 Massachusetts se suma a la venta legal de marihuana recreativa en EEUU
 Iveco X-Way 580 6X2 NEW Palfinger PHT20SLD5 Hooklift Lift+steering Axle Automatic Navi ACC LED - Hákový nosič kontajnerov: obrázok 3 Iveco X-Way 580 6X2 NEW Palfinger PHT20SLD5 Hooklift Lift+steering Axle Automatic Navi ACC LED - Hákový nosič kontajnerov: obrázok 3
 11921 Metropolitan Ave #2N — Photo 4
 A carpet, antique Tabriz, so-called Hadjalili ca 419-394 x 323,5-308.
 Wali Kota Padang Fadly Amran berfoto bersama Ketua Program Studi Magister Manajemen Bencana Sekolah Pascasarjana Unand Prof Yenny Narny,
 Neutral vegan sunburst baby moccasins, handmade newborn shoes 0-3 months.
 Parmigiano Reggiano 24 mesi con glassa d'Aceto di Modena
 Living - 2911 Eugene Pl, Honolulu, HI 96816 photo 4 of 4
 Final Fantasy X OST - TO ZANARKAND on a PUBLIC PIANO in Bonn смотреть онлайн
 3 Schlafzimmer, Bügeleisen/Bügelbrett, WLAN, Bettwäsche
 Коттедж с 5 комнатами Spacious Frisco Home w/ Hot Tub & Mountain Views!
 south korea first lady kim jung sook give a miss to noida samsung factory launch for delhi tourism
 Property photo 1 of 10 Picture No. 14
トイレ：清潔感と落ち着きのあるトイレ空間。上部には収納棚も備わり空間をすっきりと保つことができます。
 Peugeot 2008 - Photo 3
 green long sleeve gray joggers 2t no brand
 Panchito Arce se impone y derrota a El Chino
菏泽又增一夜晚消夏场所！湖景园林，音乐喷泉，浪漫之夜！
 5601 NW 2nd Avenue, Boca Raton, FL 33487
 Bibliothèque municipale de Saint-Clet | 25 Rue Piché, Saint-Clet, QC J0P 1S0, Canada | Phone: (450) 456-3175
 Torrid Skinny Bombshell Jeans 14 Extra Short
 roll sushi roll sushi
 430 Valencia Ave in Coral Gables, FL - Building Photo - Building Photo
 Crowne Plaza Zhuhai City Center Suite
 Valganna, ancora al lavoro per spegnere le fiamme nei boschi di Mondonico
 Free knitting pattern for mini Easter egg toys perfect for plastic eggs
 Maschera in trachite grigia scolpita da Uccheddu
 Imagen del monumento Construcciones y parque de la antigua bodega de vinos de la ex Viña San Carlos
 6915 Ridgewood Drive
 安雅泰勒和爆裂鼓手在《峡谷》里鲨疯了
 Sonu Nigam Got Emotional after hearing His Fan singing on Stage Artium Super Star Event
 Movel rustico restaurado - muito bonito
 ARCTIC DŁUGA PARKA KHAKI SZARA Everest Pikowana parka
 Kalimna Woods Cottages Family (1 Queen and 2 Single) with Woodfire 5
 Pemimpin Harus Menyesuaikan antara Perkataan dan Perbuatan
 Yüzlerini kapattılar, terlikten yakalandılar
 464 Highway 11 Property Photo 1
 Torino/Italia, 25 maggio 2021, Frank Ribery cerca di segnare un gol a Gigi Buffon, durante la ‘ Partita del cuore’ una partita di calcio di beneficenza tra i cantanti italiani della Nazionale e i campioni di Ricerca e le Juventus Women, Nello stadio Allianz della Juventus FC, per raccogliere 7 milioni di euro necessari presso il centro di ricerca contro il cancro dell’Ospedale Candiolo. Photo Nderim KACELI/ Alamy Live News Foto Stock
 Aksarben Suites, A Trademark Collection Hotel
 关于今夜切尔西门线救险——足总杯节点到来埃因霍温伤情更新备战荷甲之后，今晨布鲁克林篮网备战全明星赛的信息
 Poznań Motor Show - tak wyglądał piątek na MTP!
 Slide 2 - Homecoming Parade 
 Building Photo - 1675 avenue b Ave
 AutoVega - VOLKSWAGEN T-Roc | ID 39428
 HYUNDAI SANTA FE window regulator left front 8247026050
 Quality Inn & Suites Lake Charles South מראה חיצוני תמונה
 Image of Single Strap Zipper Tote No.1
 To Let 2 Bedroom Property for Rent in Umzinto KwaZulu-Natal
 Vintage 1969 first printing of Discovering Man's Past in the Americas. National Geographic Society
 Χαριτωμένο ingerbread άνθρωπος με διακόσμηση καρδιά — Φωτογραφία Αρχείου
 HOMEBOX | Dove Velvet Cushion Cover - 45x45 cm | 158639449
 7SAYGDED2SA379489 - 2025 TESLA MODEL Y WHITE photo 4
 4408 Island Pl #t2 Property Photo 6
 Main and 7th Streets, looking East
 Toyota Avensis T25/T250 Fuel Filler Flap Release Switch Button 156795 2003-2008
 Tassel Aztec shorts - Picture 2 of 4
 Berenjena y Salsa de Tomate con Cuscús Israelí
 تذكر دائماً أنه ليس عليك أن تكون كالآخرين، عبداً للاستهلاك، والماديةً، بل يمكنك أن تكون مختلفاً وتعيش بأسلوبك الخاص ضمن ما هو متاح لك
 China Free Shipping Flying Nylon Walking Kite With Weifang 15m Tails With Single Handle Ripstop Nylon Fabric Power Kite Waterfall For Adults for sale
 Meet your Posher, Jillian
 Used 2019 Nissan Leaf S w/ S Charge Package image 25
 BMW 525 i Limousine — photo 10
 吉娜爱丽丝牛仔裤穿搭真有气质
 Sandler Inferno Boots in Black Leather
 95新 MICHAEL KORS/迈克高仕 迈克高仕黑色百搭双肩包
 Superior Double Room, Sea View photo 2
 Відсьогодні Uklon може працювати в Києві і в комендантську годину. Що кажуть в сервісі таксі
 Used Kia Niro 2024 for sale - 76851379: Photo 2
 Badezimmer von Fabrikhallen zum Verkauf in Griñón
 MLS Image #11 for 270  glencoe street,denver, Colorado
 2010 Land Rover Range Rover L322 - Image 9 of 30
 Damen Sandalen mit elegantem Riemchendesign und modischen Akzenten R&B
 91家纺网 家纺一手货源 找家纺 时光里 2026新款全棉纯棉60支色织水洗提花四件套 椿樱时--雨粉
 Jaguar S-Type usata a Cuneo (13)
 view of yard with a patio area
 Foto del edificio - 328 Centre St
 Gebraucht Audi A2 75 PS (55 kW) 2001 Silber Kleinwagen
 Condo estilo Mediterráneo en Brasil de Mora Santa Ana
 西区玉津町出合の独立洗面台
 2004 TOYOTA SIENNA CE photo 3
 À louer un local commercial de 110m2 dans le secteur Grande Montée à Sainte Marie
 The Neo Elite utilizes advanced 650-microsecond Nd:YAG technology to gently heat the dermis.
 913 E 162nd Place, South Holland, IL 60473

§ **TASK**
Out of the material above, output word for word the line with "6915 Ridgewood Drive", the line with "关于今夜切尔西门线救险——足", and all lines between them, with nothing else.

§ **RESULT OF THE TASK**
 6915 Ridgewood Drive
 安雅泰勒和爆裂鼓手在《峡谷》里鲨疯了
 Sonu Nigam Got Emotional after hearing His Fan singing on Stage Artium Super Star Event
 Movel rustico restaurado - muito bonito
 ARCTIC DŁUGA PARKA KHAKI SZARA Everest Pikowana parka
 Kalimna Woods Cottages Family (1 Queen and 2 Single) with Woodfire 5
 Pemimpin Harus Menyesuaikan antara Perkataan dan Perbuatan
 Yüzlerini kapattılar, terlikten yakalandılar
 464 Highway 11 Property Photo 1
 Torino/Italia, 25 maggio 2021, Frank Ribery cerca di segnare un gol a Gigi Buffon, durante la ‘ Partita del cuore’ una partita di calcio di beneficenza tra i cantanti italiani della Nazionale e i campioni di Ricerca e le Juventus Women, Nello stadio Allianz della Juventus FC, per raccogliere 7 milioni di euro necessari presso il centro di ricerca contro il cancro dell’Ospedale Candiolo. Photo Nderim KACELI/ Alamy Live News Foto Stock
 Aksarben Suites, A Trademark Collection Hotel
 关于今夜切尔西门线救险——足总杯节点到来埃因霍温伤情更新备战荷甲之后，今晨布鲁克林篮网备战全明星赛的信息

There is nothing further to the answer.